Yes, these are two different mechanisms. File browser uses GVFS and samba port while mount_smbfs uses mount.


----------



## joancatala (Jun 1, 2018)

Nobody knows the solution?

mount_smbfs -I 192.168.1.105 -U joan //192.168.1.105/disc1 /mnt/
Password:
*mount_smbfs: unable to open connection: syserr = Authentication error*


----------



## SirDice (Jun 1, 2018)

The mount_smbfs(8) only supports SMBv1. Microsoft disabled SMBv1 on Windows some time ago. I do not recommend enabling it due to to WannaCry and other malware. 

https://support.microsoft.com/en-us/help/4034314/smbv1-is-not-installed-by-default-in-windows


----------



## joancatala (Jun 1, 2018)

Hi SirDice,  I am not using Windows.

My samba server is a FreeBSD 11, and my samba client is a FreeBSD 12. And I can't mount the directories.

On the other clients I can do it perfectly: from a FreeBSD 11 using KDE and from a laptop with Ubuntu using Gnome Classic.


----------



## SirDice (Jun 1, 2018)

Note that mount_smbfs(8) is not part of Samba.


----------



## joancatala (Jun 1, 2018)

I solved it just reading and reading and reading. Thanks very much *SirDice *for your information.
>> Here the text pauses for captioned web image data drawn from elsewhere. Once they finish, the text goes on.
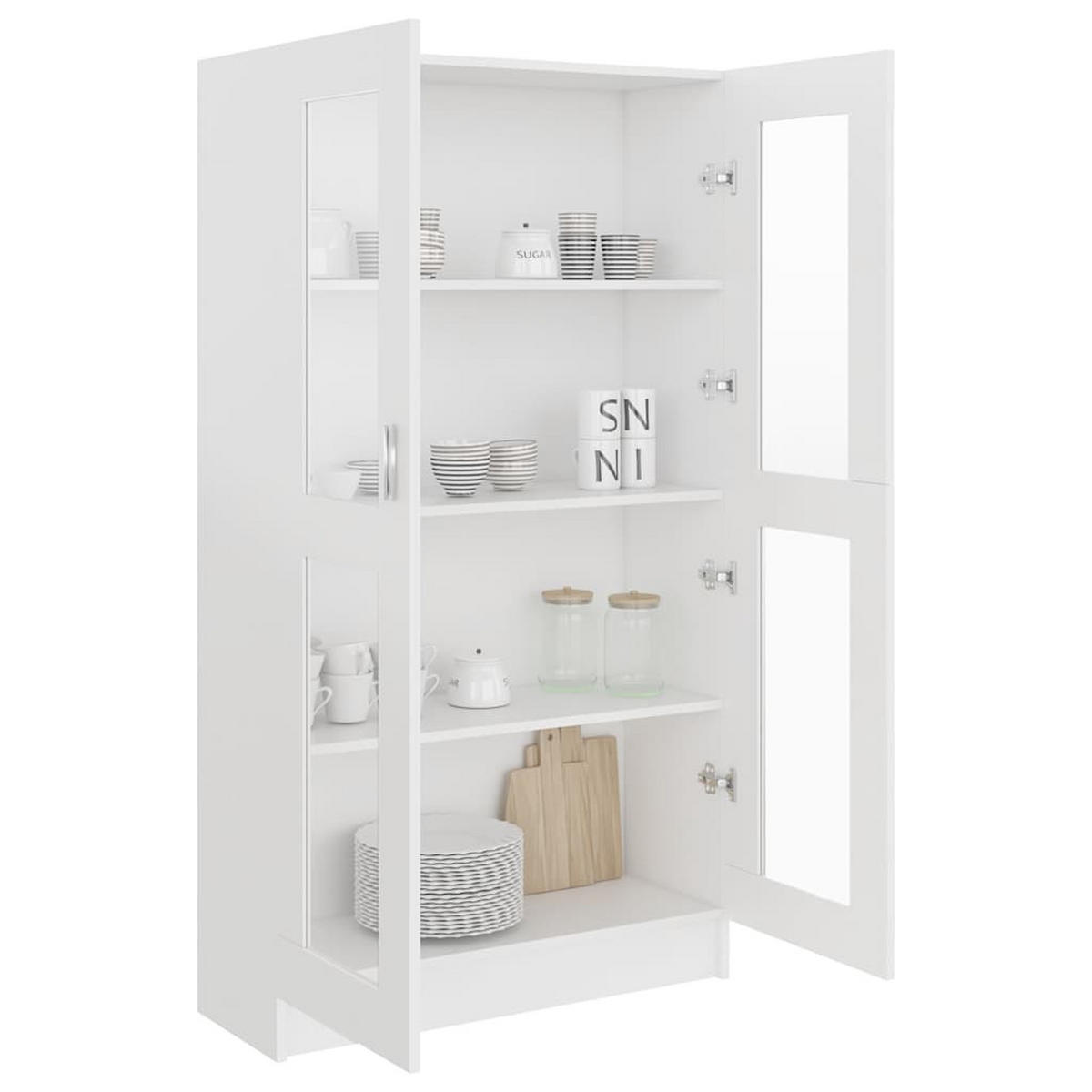 VITRINENSCHRANK Weiß 82,5x30,5x150 cm Holzwerkstoff - Weiß, Holzwerkstoff (82.5/150/30.5cm) - furnicato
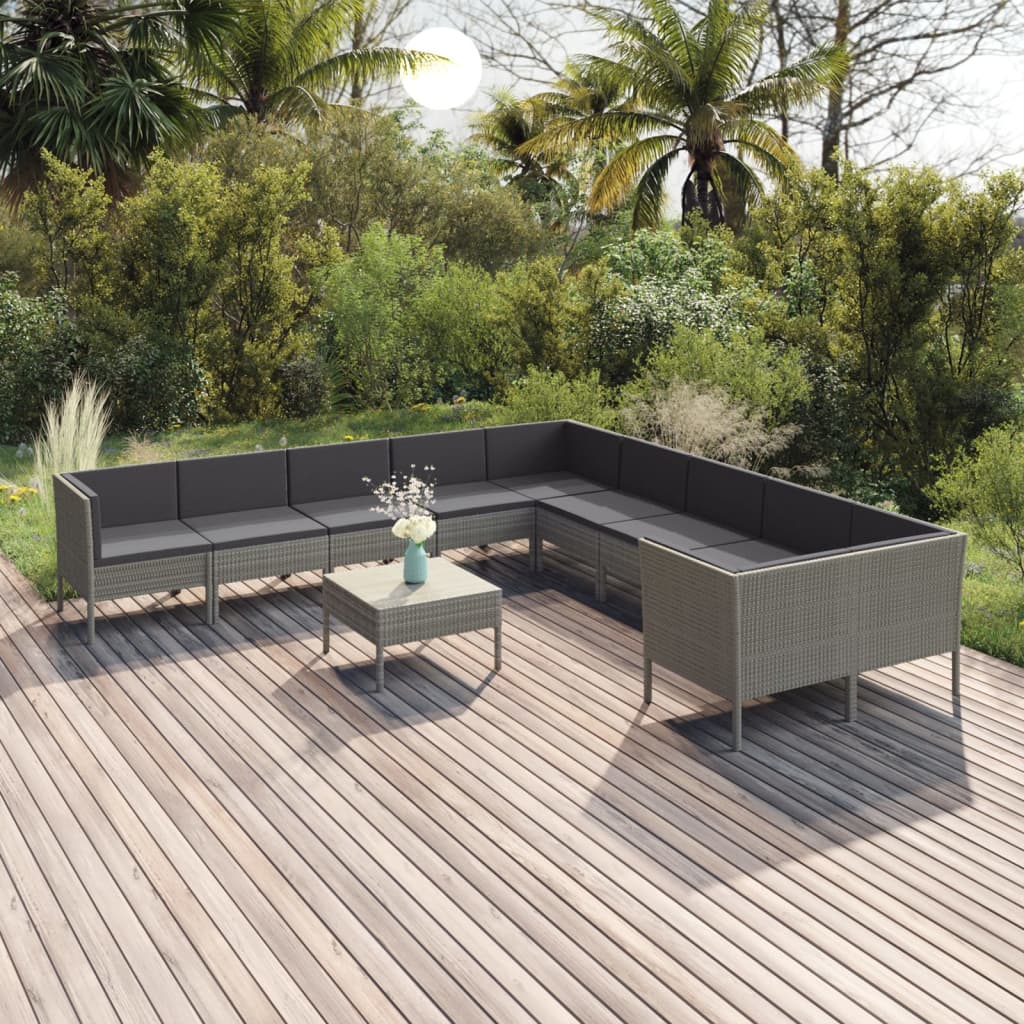 Set Divani da Giardino 11 pz con Cuscini in Polyrattan Grigio - homemem39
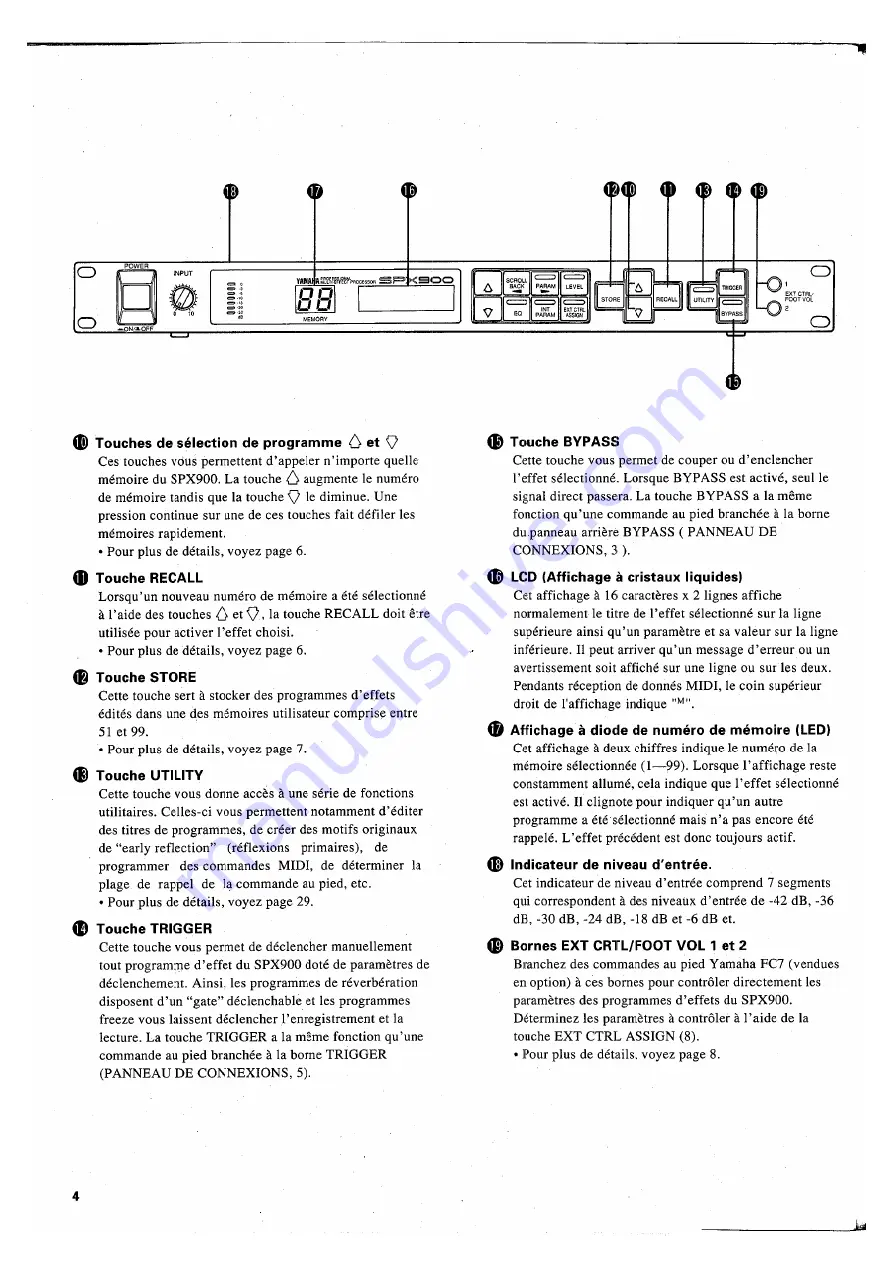 Yamaha SPX900 Manuel De Fonctionnement Download Page 7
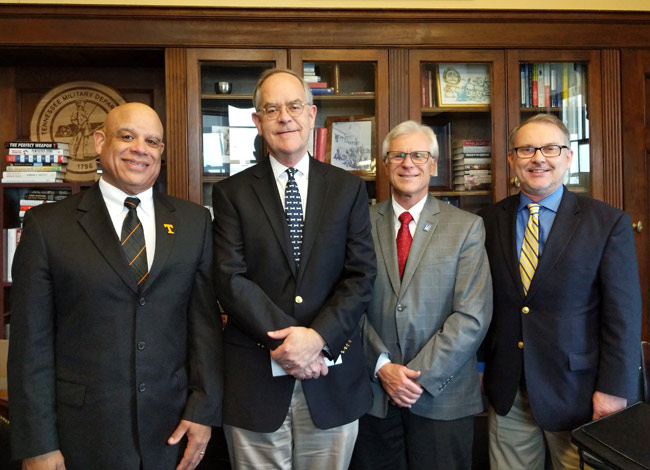 L-r: Interim Dean Mark Dean (UT-Knoxville), Rep. Jim Cooper (D-TN05), Dean Richard Sweigard (University of Memphis) and Dean Philippe Fauchet (Vanderbilt).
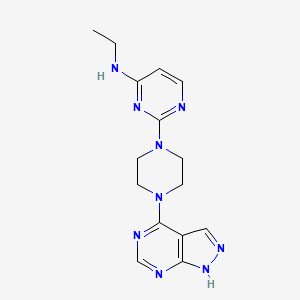 N-ethyl-2-(4-{1H-pyrazolo[3,4-d]pyrimidin-4-yl}piperazin-1-yl)pyrimidin-4-amine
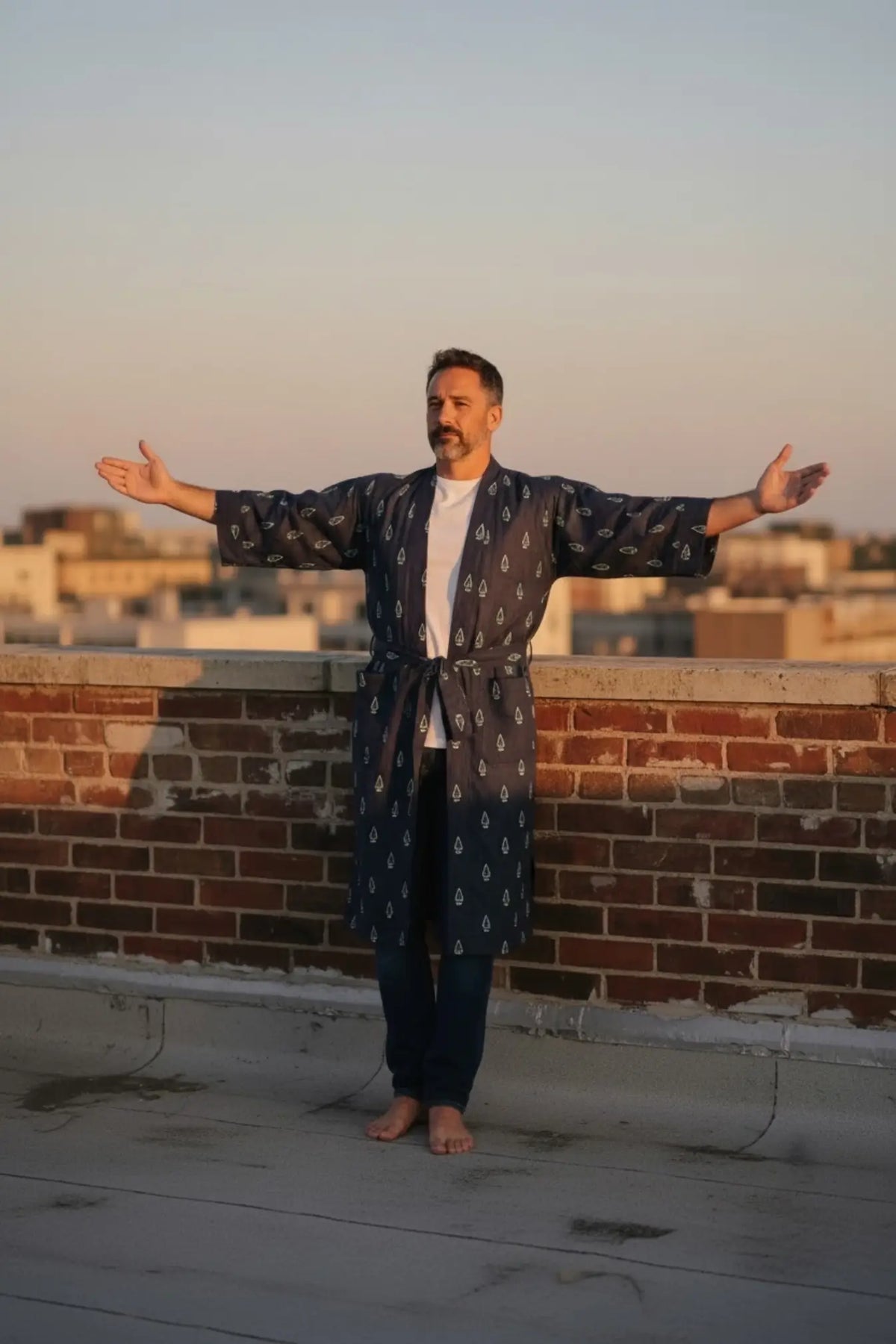 Pure Cotton Boho Men Kimono Robe | Geometric Luxury Dressing Gown Summer Loungewear, Onesie Unisex Bathrobe Relax Fit Beach Outfit Cardigan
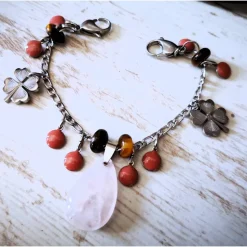 Charivari aus Edelstahl, Dirnd- Schmuck,Trachten, Rosenquarz und Tigerauge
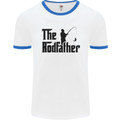 The Rodfather Funny Fishing Rod Father Mens White Ringer T-Shirt White/Royal Blue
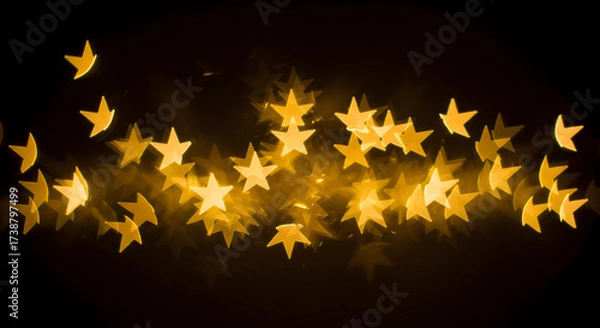 Fototapeta Creative Depiction Of Glowing Star Shaped Bokeh Lights Against A Dark Background
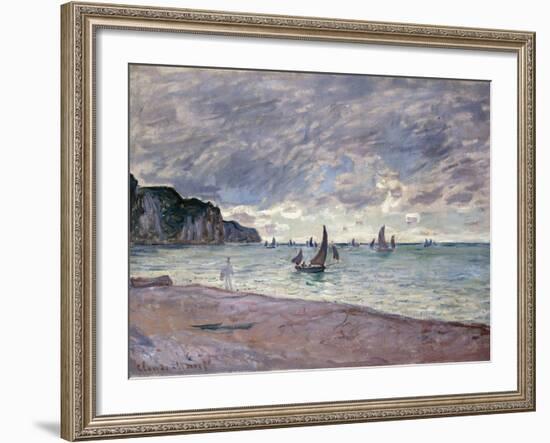 Fishing Boats in Front of the Beach and Cliffs of Pourville, 1882-Claude Monet-Framed Giclee Print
Finally, I added two lines to my smb4.conf

max protocol = SMB2
ntlm auth = yes

With these two lines I am telling the Samba Server to use the Samba version 2 and forcing the server to use NTLMv2 authentication. (More info at https://www.samba.org/samba/docs/current/man-html/smb.conf.5.html).

So, finally I have all the 1TB-disk directories of my Samba Server on my Raspberry Pi running FreeBSD 12  yuhuuuuuu!


----------



## vlig (Oct 31, 2021)

Not working in 2021 =(
Any thoughts?


----------



## SirDice (Nov 1, 2021)

vlig said:


> Not working in 2021 =(
> Any thoughts?


Yeah, not enough information. What doesn't work? From where to where?


----------



## zirias@ (Nov 1, 2021)

FYI: https://lists.freebsd.org/archives/freebsd-current/2021-October/000893.html

Although the discussion so far looks like smbfs will stay in base, it will continue to only support SMBv1, which is useless for most scenarios. The recommendation is to use some FUSE implementation if you need it.


----------



## vlig (Nov 2, 2021)

Zirias said:


> FYI: https://lists.freebsd.org/archives/freebsd-current/2021-October/000893.html
> 
> Although the discussion so far looks like smbfs will stay in base, it will continue to only support SMBv1, which is useless for most scenarios. The recommendation is to use some FUSE implementation if you need it.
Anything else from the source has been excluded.